GAW> Maybe not to you the narrow-minded sys-admin.... :-)
This in and of itself is rude enough to make me state that I will not engage
further; however, your following paragraph needs to be addressed.
GAW> However history clearly shows that it is seen to be irrational to many
GAW> kinds of users and particularly to developers doing system integration.
GAW> This is not my opinion -- it's a well and widely documented fact and
GAW> it's been an issue ever since there was more than one "competing" unix
Point me to said "documentation". Keeping /, /usr/local and /usr/X11
separate makes sense to me.
Boundaries are a good thing. I, personally, don't like looking at a
plate with the salad mixed in with the chili. If you like that kind
of thing, great, but you will find quite a few people out there who
will disagree with you. You may even find them in the majority.
GAW> Even the artificially driven separation of /bin and /usr/bin has caused
GAW> enormous controversy over the years. If ken & dmr had larger disks back
GAW> in the early days, or had been forced to deal with only one disk pack,
GAW> then that separation would likely never have occurred in the first place.
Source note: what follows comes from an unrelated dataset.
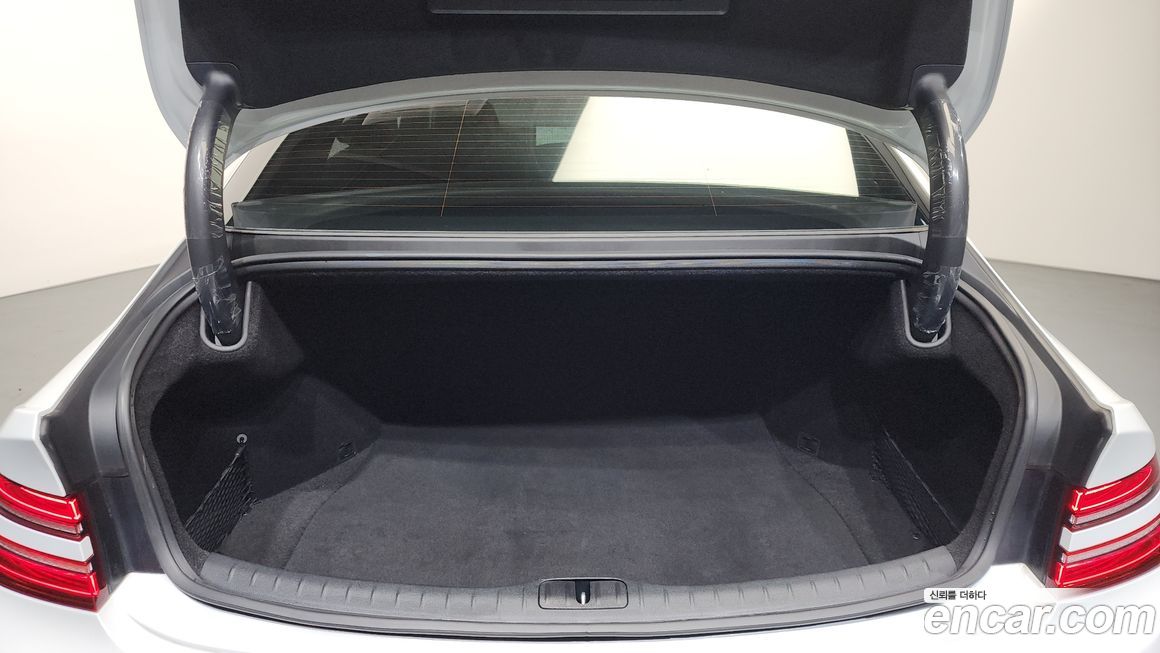 Genesis G80 2023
I dispute the "enormous controversy". Had they had larger *and faster*
disk packs, it never would have occurred.
GAW> > It makes
GAW> > it a HELL of a lot easier to look at a system with eyeballs than with
GAW> > special-purpose tools, the state of which may or may not be broken on any
GAW> > given day.
GAW> Why do you need special purpose tools to look at how a system is put
GAW> together with packages? I don't. None of the pkg_* tools are really
GAW> special purpose -- everything they do can easily be done by hand. They
GAW> just have the advantage of not making as many mistakes as when people,
GAW> even experts, do such things by hand!
I shouldn't have to by-guess-and-by-golly wander through, e.g., /usr/bin
and say, "Hmmm, is this going to get clobbered on an upgrade?"